Hostel’in etkisi geçmeye başlayınca kolsuz kanatsız kalan filmin yardımına Descent yetişiyor. İki arkadaş bir tünele giriyorlar. Descent’in en klostrofobik anını tekrar yaşamaya başlıyoruz. Gençlerden biri tünelin daraldığı bir yerde sıkışıyor ve ne ileri ne geri gidebiliyor. Diğer genç ise Descent bize yetmeyecek diyerek kamerasının gece görüşünü açıyor ve bir anda Rec uzaktan koşar adımlarla gelip diğer kollarına giriyor. Gece görüşünde parlayan gözler yüzünden dehşet içinde kalıyoruz. Bir şekilde tünelin ucuna geldiklerinde ise onları çok daha büyük bir tehlike bekliyor. Geçirdiği estetik ameliyat sonucu maske takmasına gerek kalmamış Leatherface tek vuruşla gençlerden birini etkisiz hale getiriyor. Böylelikle “Texas Chainsaw Massacre” siz yokken biz vardık diyerek bütün filmi ele geçiriyor. Bundan sonra Leatherface, Şerif Hoyt ve ailenin diğer bireyleri gençlere yapabilecekleri tüm zulmü yapmak için bir araya geliyor. Ailenin diğer üyeleri Hostel’e gelen Yasmin ve yanındaki arkadaşını da ele geçirip bizim için sıcak bir kan banyosu hazırlıyorlar. Burada Şerif Hoyt’a benzettiğim ailenin babasının eski bir nazi olması nedeniyle yine bir siyasi gönderme yapılıyor. Bu baba geçmişten gelen duygu ve düşünceleriyle ari ırkını korumaya çalışmakta ve özellikle Yahudilere karşı nefret duymaktadır.

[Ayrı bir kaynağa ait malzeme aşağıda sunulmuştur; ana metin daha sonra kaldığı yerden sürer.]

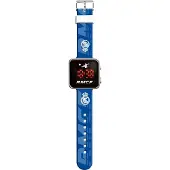 Real Madrid Horloge Numérique Led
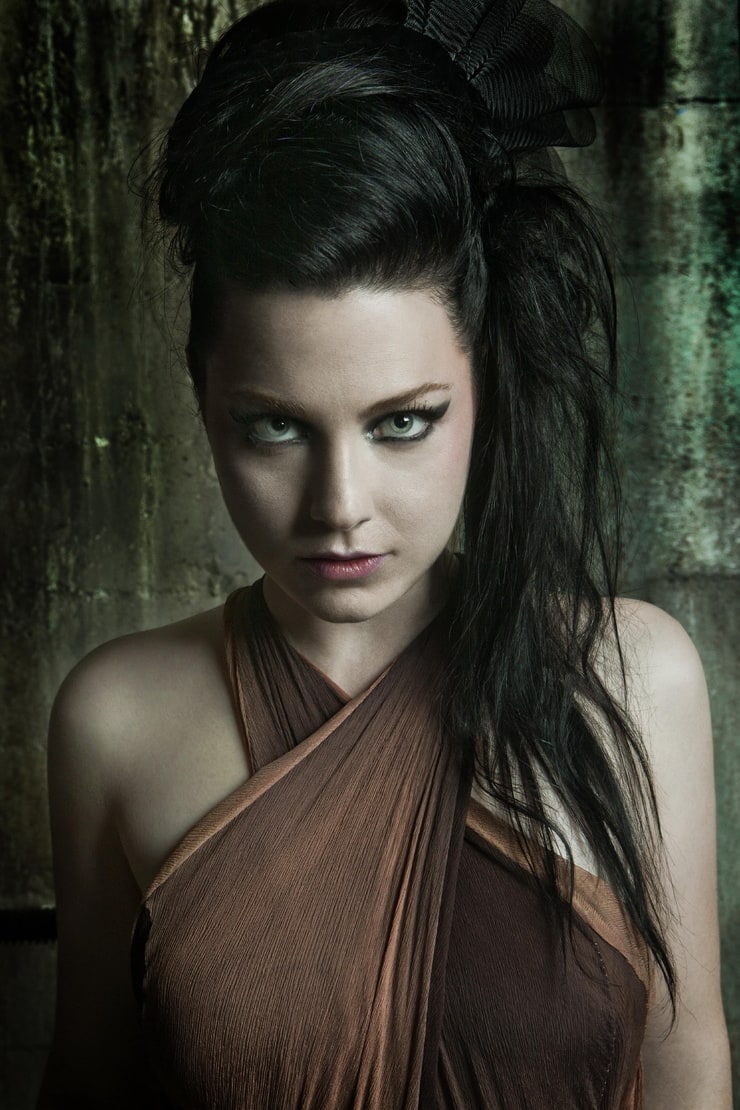 Evanescence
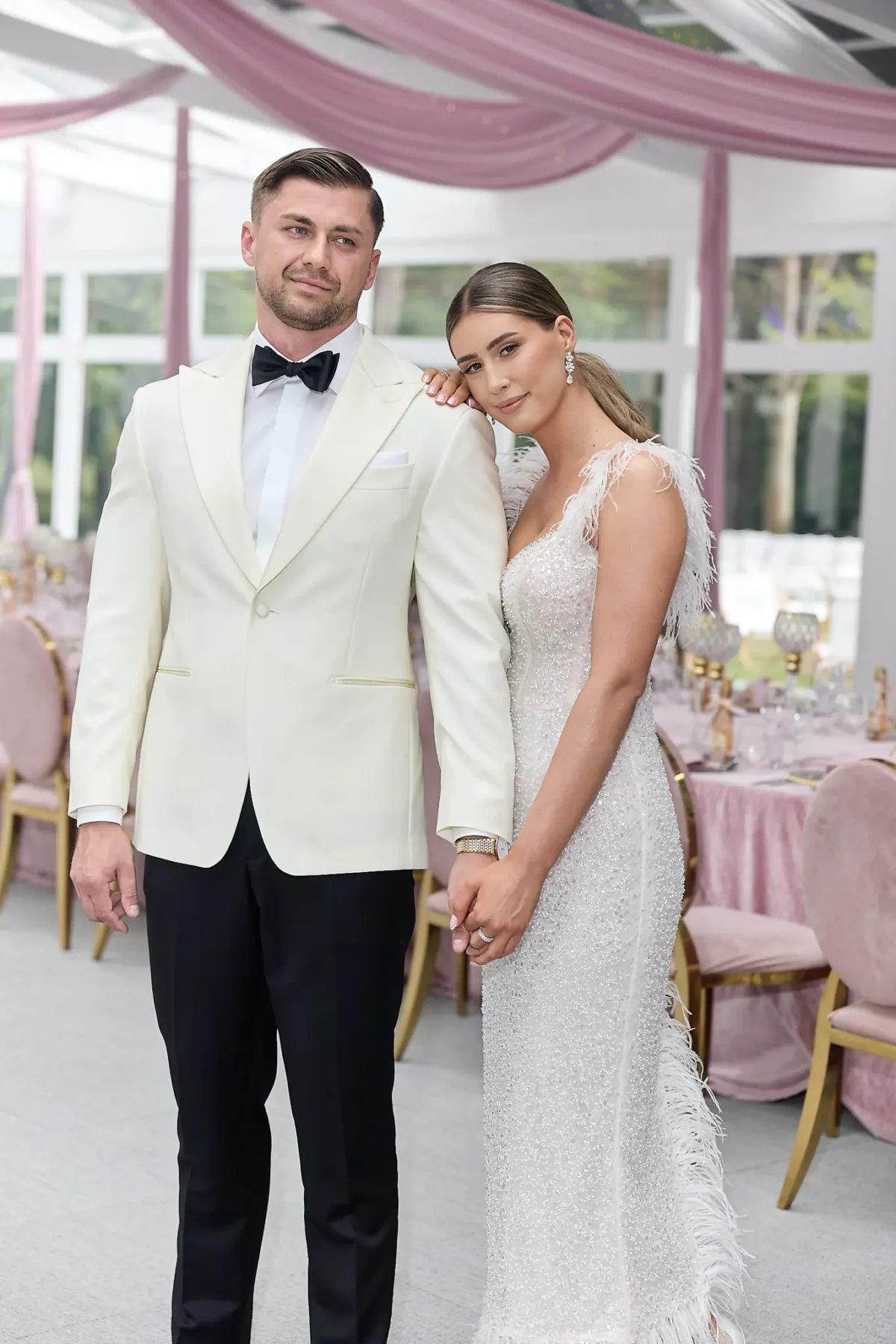 palac czosnowskich fotografia slubna warszawa jakubmajevski 31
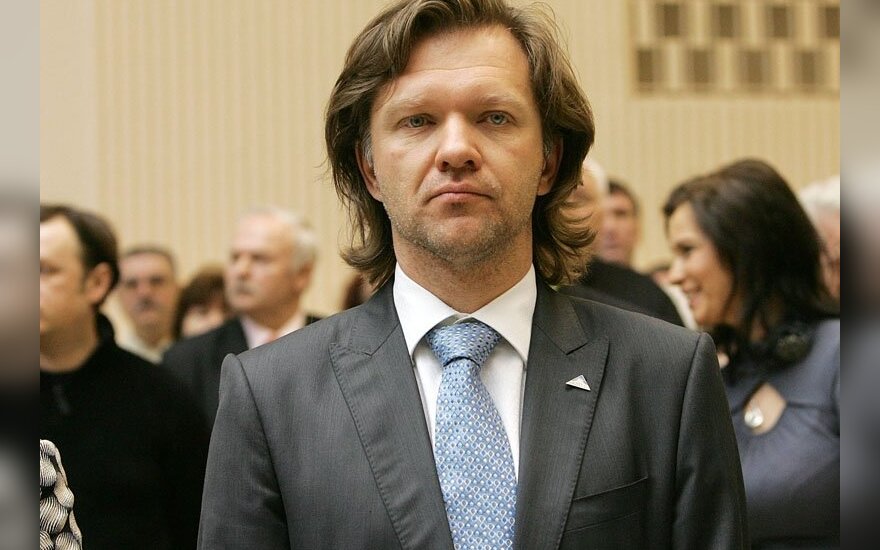 Rytis Šatkauskas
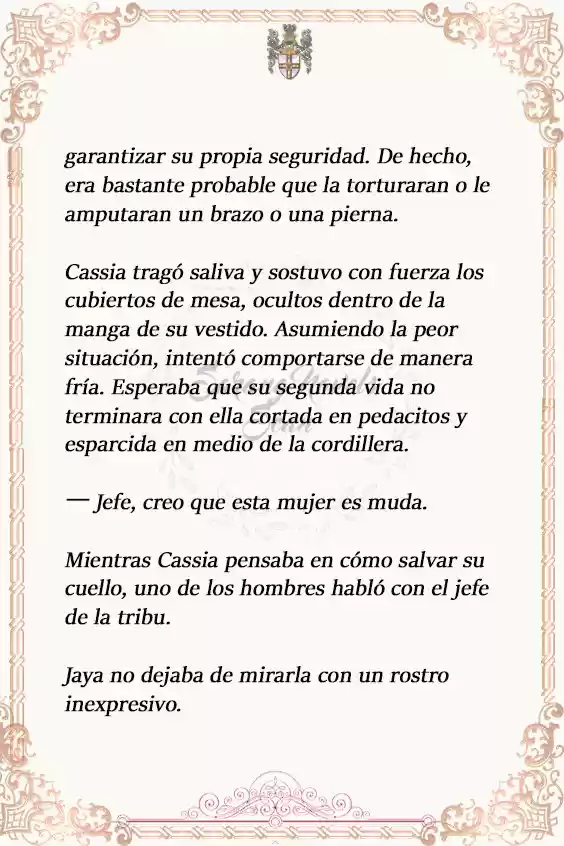 Cariño, Haré Huelga (Novela) - Capítulo 29 - Página 10 - LectorTMOo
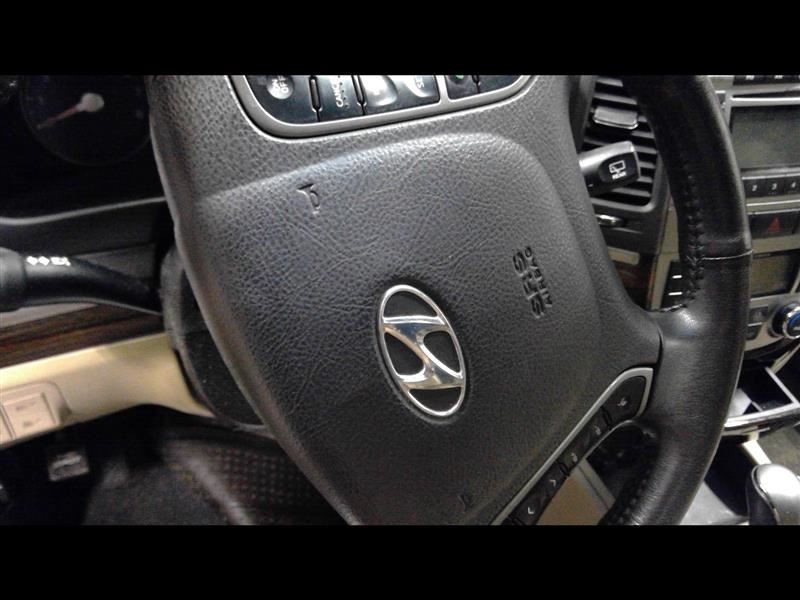 Driver Left Air Bag Driver Wheel Fits 10-12 SANTA FE 1051564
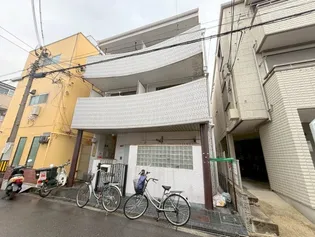 大美コーポの画像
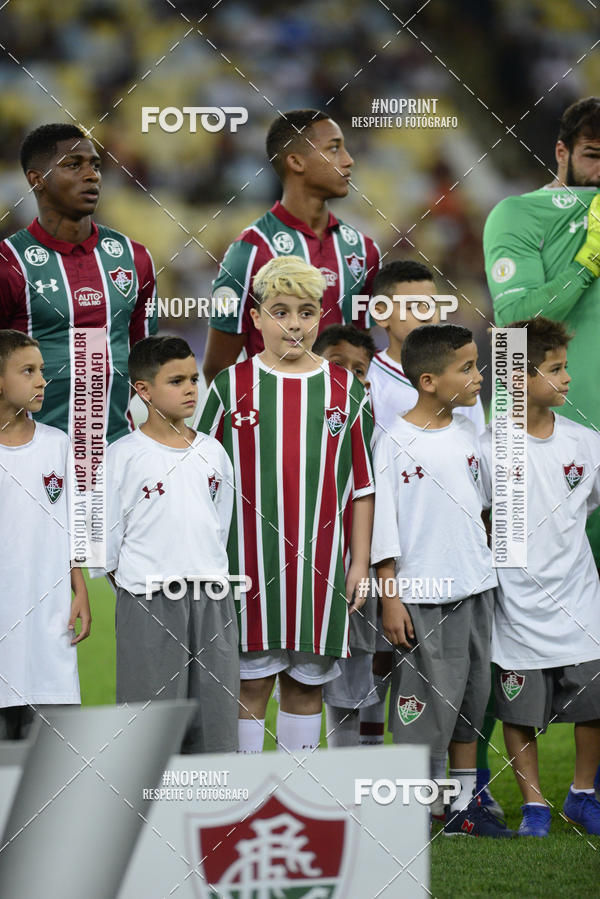 Compre suas fotos do eventoFluminense x Avai  Maracan - 02/09/2019 no Fotop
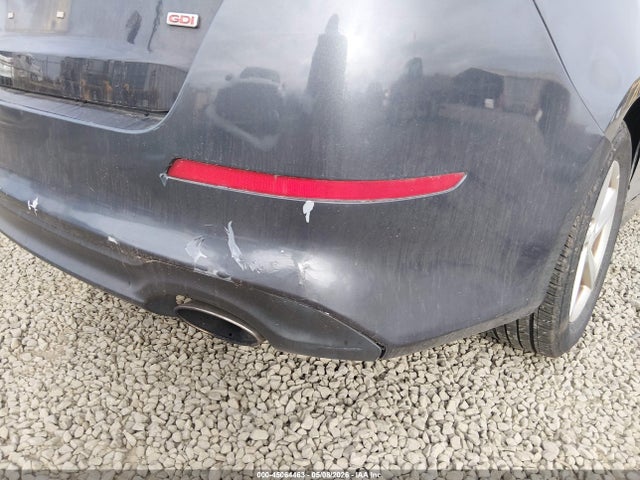 Aukcja sprzedaży 2015 Kia Optima Lx, vin: 5XXGM4A76FG506798, numer aukcji: 45064463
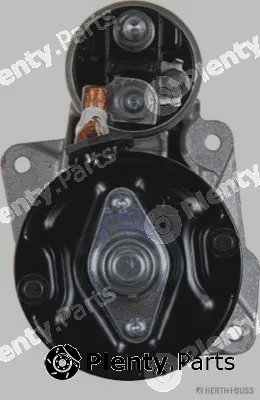 Herth+Buss Elparts 42109300 — Starter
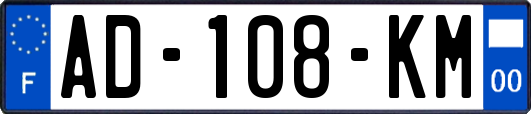 AD-108-KM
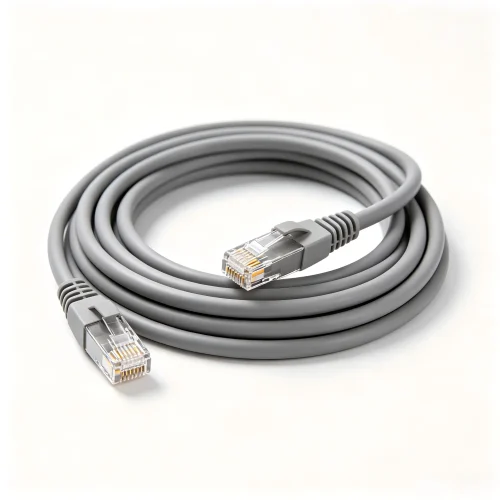 Cat5e UTP RJ45 Patch Cable - Ethernet Patch Cables - SYY ...
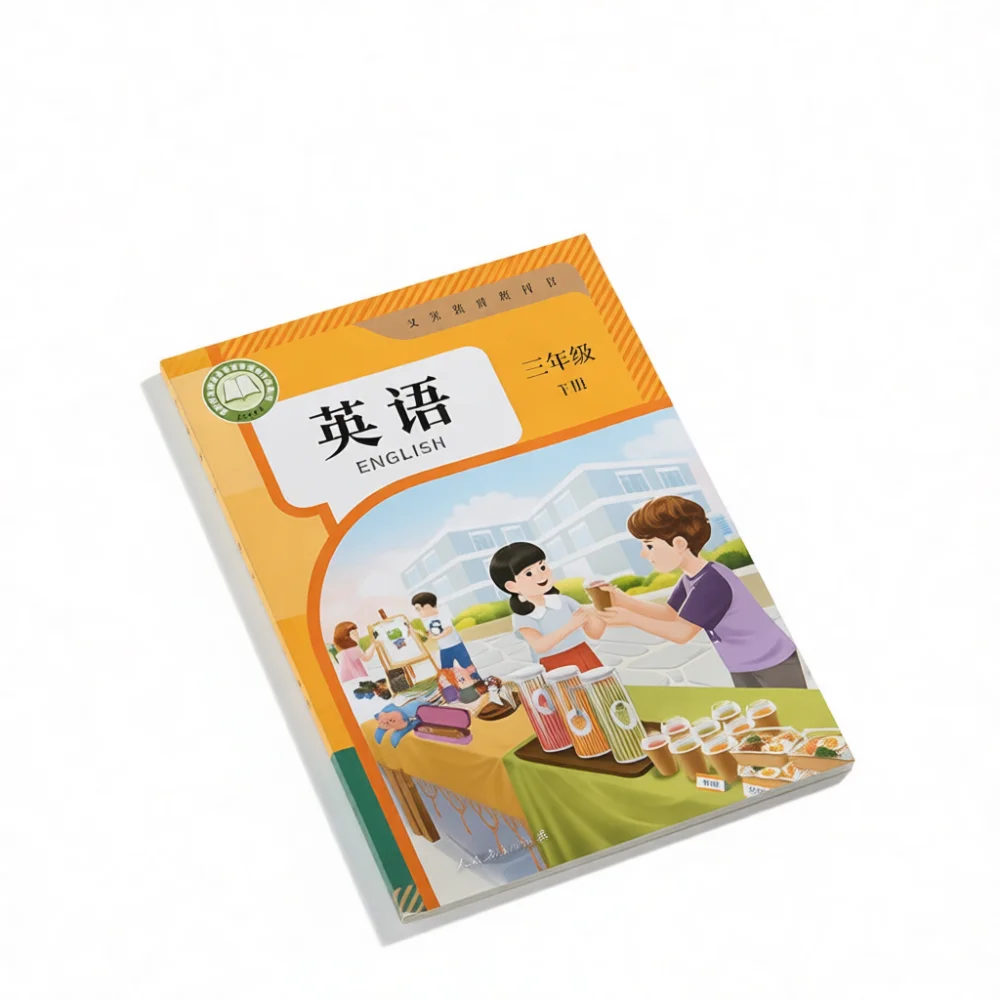 Office School Supplies A3 Size Memo Pad Exam Prep Sketch Book Large Writing Notebook For Studying Practice Paper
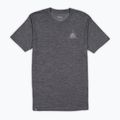 Tricou termoactiv pentru bărbați  Mons Royale Zephyr Tencel smoke 3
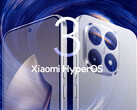 小米 15T 可能是全球首批运行 HyperOS 3 的设备之一。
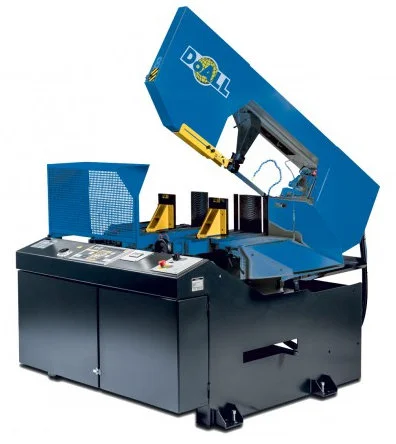 NEW DOALL DS-400CNC
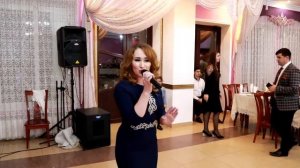 Кабардинская свадьба. Марианна Хупова/Налмэсыр къофэ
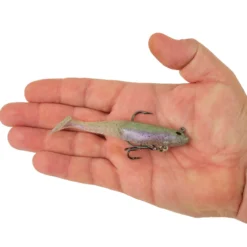 PowerBait® Saltwater Pre-Rigged Cullshad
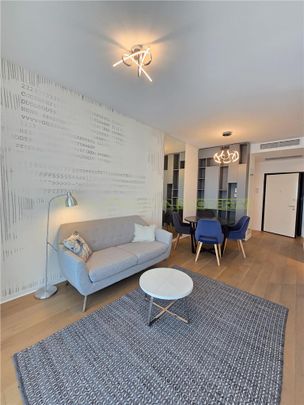 Floreasca, One Eliade, studio - Fotografie 1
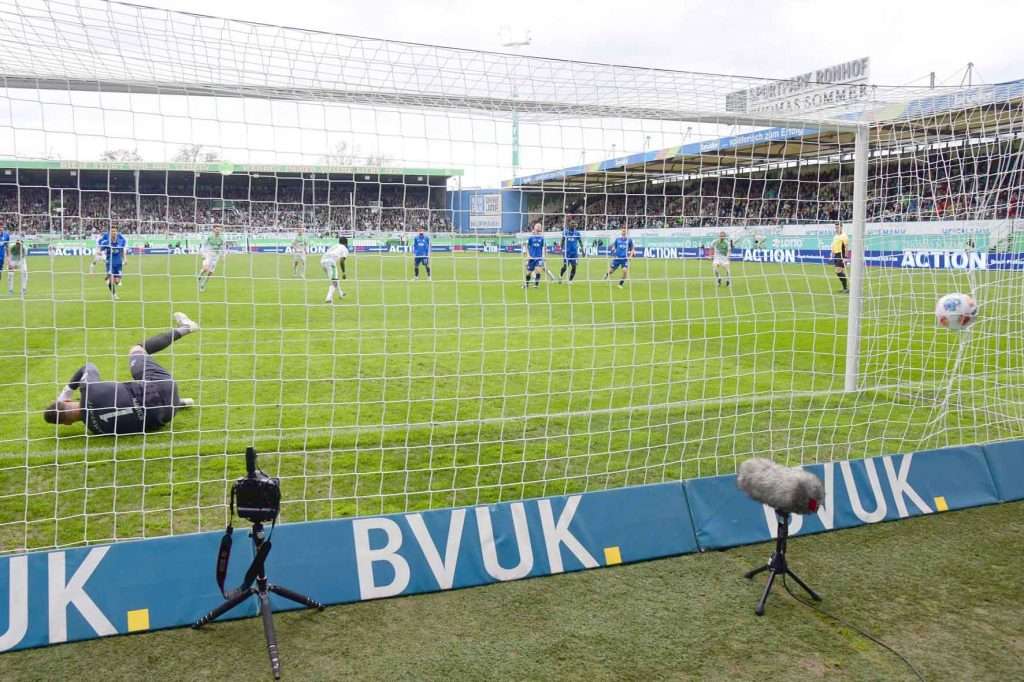 #Fussball, #Bundesliga, #DFL, #Liga2, #GreutherFürth, #sgf, #SportparkRonhof, #Kleeblatt, #HofmannPersonal, #BruderSpielwaren, #FrankenBrunnen, #GrünerBier, #RosicImmobilien, #simbadickiegroup, #Swietelsky, #WildPanda, #Fürth, #ball, #stadion, #zuschauer, #fans, #tor, #vielfaltgewinnt, #keinfanohnejob,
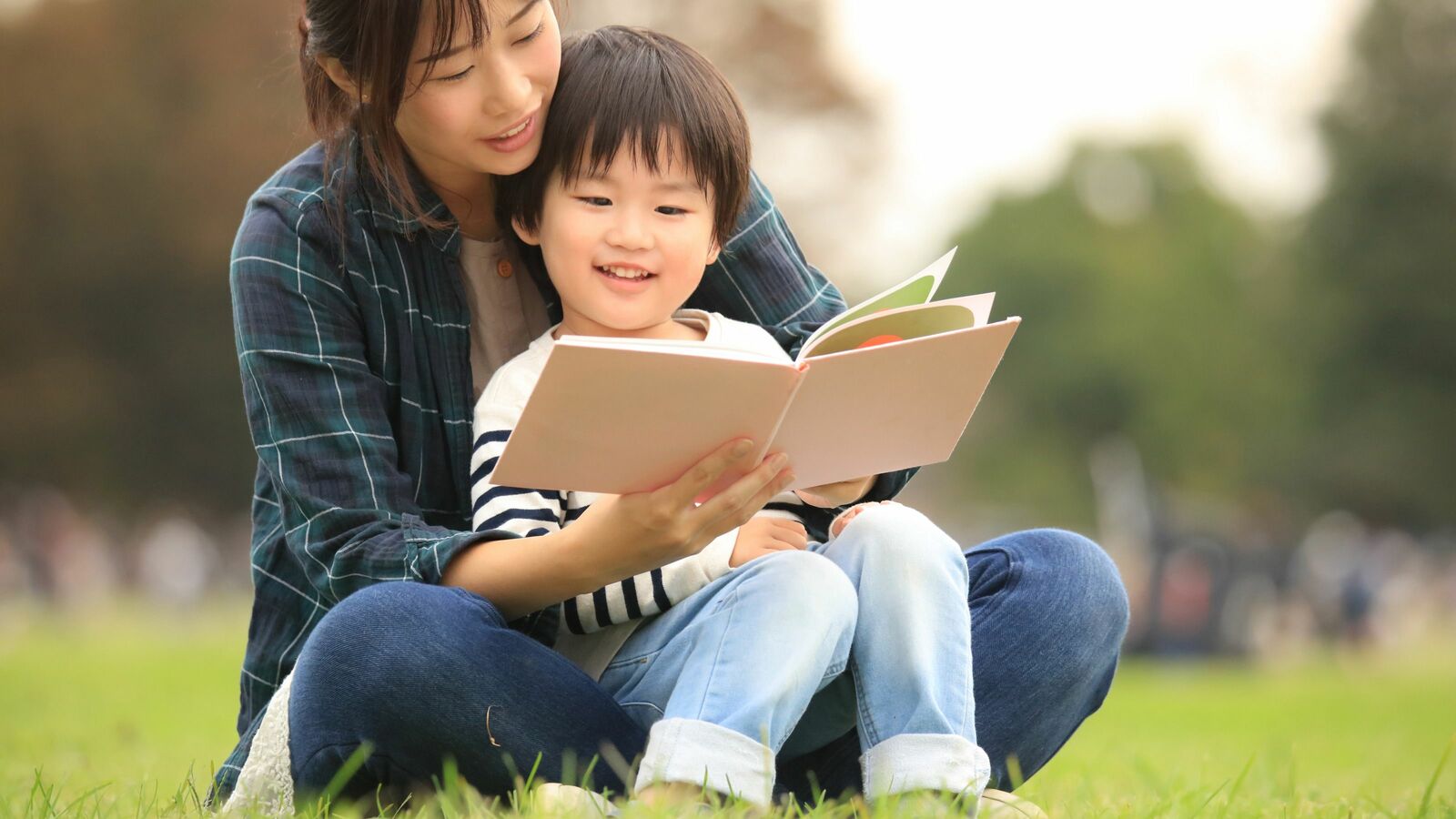 声に出して読めば頭に入るわけではない…読書が苦手な子供に共通する"ある読み方" 文末が｢ゴニョゴニョ｣と聞き取りづらいと要注意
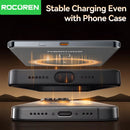 Rocoren Magnetic PowerBank Fast wireless Charging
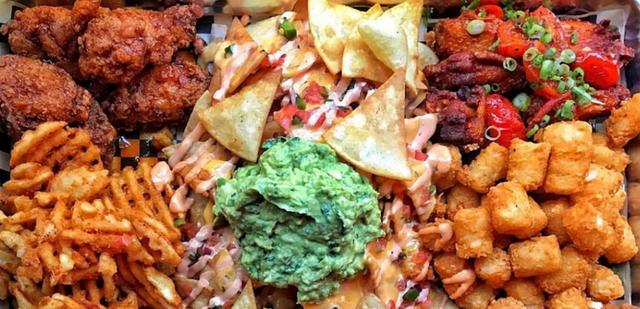 Watch the Supper Bowl at SET NoLibs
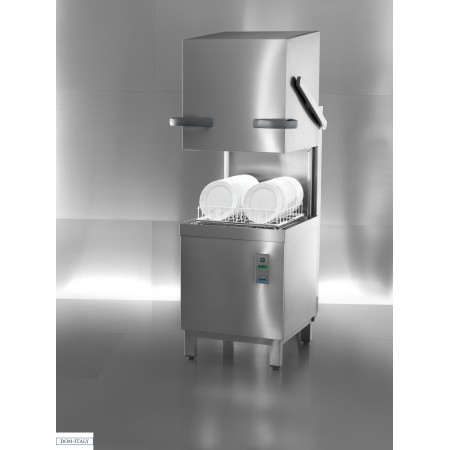 Купольная посудомоечная машина Winterhalter РТ 500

Filmin bundan sonra Texas Katliamı’ndan zerre kadar farkı kalmadığı için anlatmaya pek gerek görmüyorum. Film daha birçok sahnesinde değişik filmlerden kısmi alıntılar yapıyor. Karakterler zerre kadar bir orijinallik taşımıyor. Leatherface ve Şerif Hoyt’un yanı sıra House of the 1000 Corpses filminden silah düşkünü ve ateşli Baby Firefly bize bir selam çakıyor. Yasmin ise ayrı bir dert, kendisi slasher filmlerinde sona kalan kızı oynuyor. Korkudan titreyiş şekli beni tam anlamıyla delirtti diyebilirim. Bu korkak kızımız filmin sonunda ise tam anlamıyla bir Rambo’ya dönüşüyor. Dalga geçtiğimi düşünmeyin sakın, gerçekten Rambo görse ağzı açık seyreder bu ufak kızı. Rambo kadar iyi silah kullanmasının yanında en az Mike Tyson ve Muhammed Ali kadar da yumruklara karşı mukavemeti var.

Filmin biraz da artılarından söz etmek gerekirse iki tane artısını bulduğumu söyleyebilirim. İlki gerçekten çok hoşuma giden bir buharlı oda sahnesi var, diğeri ise müzikleri. Müzikler son derece kaliteli. Bu kadar bitti.

Bugüne kadar izlediği en kötü filmden bile zevk almasını bilen biri olarak Sınırda bana fazla geldi. Kendi başına bir marifet ortaya koyamayan, değişik filmlerden alıntı yapıp bunda da aşırıya kaçınca komik duruma düşen bir yapım. Bugüne kadar izlemeyen pek kalmamıştır gerçi ama izlemeyen kişilere tavsiyem çok boş zamanınız varsa ve başka yapılacak hiçbir şey yoksa izleyin bu filmi. Ben sıkıldım siz sıkılmayın diye söylüyorum.